Martin LaBar said...

Prenuptial agreements to take the place of culture? Sounds like a good idea, but there probably won't be much enthusiasm for it.

Weekend Fisher said...

Many in our culture still have the more meaningful and lasting expectations of marriage. It might be something a church body would encourage, if they are going to perform a marriage then it is expected to be a binding marriage. It might also be an eye-opener for people going into a marriage, if they knew from the beginning whether they had the same expectations really, or if they had taken for granted that they had expectations in common.

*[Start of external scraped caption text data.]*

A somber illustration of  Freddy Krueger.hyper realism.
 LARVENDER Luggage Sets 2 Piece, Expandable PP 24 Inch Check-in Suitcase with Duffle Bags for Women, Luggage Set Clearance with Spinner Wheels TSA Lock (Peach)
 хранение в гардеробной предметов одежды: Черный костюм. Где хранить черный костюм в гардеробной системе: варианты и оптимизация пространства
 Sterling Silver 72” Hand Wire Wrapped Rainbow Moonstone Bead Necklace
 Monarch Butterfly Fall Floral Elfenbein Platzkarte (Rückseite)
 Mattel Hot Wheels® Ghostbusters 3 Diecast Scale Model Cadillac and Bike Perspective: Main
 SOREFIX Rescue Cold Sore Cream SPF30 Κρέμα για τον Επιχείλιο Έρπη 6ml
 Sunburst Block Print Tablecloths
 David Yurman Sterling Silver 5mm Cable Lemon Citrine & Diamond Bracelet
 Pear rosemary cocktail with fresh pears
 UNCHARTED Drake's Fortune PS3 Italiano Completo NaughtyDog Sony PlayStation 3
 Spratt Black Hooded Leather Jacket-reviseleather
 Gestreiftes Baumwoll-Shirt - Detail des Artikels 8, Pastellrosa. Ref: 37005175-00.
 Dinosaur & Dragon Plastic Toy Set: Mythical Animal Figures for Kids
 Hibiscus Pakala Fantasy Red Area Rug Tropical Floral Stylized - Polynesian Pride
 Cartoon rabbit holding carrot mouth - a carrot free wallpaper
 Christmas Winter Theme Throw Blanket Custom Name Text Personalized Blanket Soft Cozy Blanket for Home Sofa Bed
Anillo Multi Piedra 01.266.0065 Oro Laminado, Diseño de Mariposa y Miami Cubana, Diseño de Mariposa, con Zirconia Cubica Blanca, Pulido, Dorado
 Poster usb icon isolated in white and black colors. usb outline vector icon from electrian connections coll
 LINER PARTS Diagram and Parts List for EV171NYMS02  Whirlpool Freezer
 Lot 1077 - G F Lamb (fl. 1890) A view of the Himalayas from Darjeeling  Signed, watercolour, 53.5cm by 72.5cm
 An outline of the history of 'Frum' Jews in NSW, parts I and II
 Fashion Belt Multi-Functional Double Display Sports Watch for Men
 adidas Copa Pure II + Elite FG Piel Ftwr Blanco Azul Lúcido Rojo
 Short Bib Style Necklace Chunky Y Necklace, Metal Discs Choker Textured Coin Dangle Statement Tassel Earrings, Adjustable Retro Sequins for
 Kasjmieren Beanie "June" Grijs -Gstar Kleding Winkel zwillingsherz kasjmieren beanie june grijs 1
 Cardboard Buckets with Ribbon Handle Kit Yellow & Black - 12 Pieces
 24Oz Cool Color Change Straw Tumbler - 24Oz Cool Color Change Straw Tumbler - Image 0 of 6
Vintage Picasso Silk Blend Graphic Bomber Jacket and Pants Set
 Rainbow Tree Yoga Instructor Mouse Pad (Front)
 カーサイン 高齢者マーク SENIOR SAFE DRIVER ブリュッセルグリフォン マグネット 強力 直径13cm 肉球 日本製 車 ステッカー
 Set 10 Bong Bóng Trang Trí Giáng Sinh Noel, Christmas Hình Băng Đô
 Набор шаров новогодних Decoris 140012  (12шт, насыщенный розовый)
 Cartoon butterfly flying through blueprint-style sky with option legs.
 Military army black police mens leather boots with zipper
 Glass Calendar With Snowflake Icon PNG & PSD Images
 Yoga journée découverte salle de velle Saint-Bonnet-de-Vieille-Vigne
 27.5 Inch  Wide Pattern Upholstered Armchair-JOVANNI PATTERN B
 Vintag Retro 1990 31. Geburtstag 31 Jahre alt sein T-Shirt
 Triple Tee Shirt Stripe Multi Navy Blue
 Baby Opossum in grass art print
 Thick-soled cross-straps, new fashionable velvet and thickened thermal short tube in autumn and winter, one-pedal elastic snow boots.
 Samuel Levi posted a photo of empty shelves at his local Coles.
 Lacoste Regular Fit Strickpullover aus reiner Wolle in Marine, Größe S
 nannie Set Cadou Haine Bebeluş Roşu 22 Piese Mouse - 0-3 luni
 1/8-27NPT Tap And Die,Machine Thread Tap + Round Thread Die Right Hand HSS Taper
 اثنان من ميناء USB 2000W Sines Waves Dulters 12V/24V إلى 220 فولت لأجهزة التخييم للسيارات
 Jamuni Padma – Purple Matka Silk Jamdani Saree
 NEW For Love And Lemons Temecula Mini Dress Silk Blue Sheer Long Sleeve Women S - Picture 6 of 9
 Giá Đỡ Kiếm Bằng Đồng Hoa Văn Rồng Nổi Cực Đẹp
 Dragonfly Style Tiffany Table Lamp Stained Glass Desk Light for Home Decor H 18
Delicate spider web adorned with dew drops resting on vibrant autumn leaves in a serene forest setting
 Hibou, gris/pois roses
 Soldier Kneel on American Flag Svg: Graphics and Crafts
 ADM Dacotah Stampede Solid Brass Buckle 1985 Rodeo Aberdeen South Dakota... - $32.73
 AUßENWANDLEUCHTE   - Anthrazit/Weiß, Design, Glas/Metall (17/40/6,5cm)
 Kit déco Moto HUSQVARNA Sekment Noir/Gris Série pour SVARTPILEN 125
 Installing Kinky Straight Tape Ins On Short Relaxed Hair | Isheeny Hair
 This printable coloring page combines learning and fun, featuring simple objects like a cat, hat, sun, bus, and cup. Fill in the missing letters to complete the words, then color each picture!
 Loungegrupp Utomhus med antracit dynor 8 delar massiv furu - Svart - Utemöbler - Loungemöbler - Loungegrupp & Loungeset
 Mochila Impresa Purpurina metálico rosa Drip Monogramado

Anna Ilona Mussmann said...

You've probably heard of "Covenant Marriages," a type of legal marriage offered in a few states (Louisiana, for instance) that's supposed to disallow no-fault divorce. It's hard to say what would happen legally if someone chose that option and then sued for a divorce, though.

Weekend Fisher said...

Hi A.I.M. - I've actually never heard of "Covenant Marriages". It seems like only a few places offer them, and even where they are offered they seem almost unknown. It looks like "Covenant Marriages" are meant to make it closer to legally binding the intent: marriage is for life. I think some kind of lifelong commitment ("til death do us part" or "as long as we both shall live") is part of standard marriage vows still -- but it has no legal force. Kind of close to empty words in many cases. If a non-binding legal version is just a piece of paper, the spoken non-binding one is not even that, in the hands of someone who has no intention to stick with it.